[Start of section]

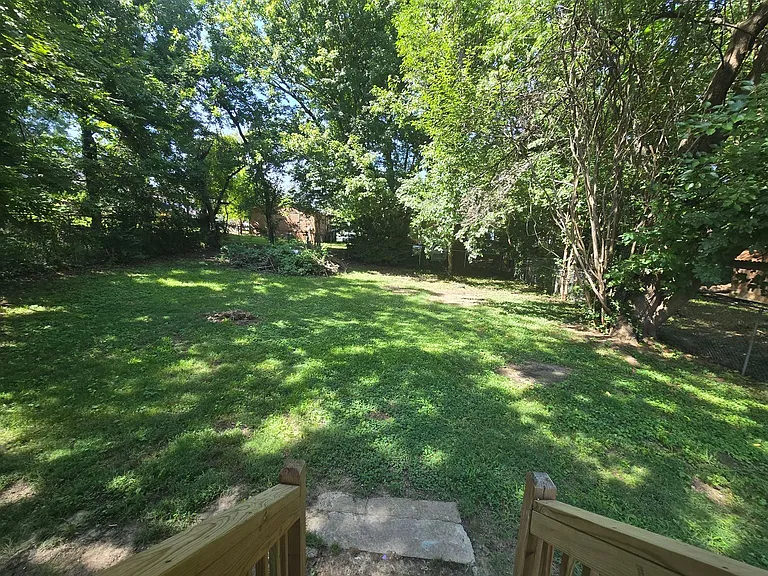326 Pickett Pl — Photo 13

[End of section]
[Start of section]

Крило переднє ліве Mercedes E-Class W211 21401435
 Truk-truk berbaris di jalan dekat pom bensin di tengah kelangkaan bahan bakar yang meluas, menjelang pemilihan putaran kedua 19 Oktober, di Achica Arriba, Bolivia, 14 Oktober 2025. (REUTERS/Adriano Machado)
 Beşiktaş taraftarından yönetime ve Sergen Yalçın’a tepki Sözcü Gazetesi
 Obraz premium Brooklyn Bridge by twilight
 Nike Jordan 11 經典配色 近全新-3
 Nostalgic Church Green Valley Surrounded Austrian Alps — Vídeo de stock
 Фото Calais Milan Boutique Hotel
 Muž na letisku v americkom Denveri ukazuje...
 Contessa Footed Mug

[End of section]

• **TASK**: Please give back, exactly as it stands above, the stretch from the line with "Nostalgic Church Green" through the line with "Contessa Footed Mug", and no line outside it.

• **SOLUTION BELOW**:
 Nostalgic Church Green Valley Surrounded Austrian Alps — Vídeo de stock
 Фото Calais Milan Boutique Hotel
 Muž na letisku v americkom Denveri ukazuje...
 Contessa Footed Mug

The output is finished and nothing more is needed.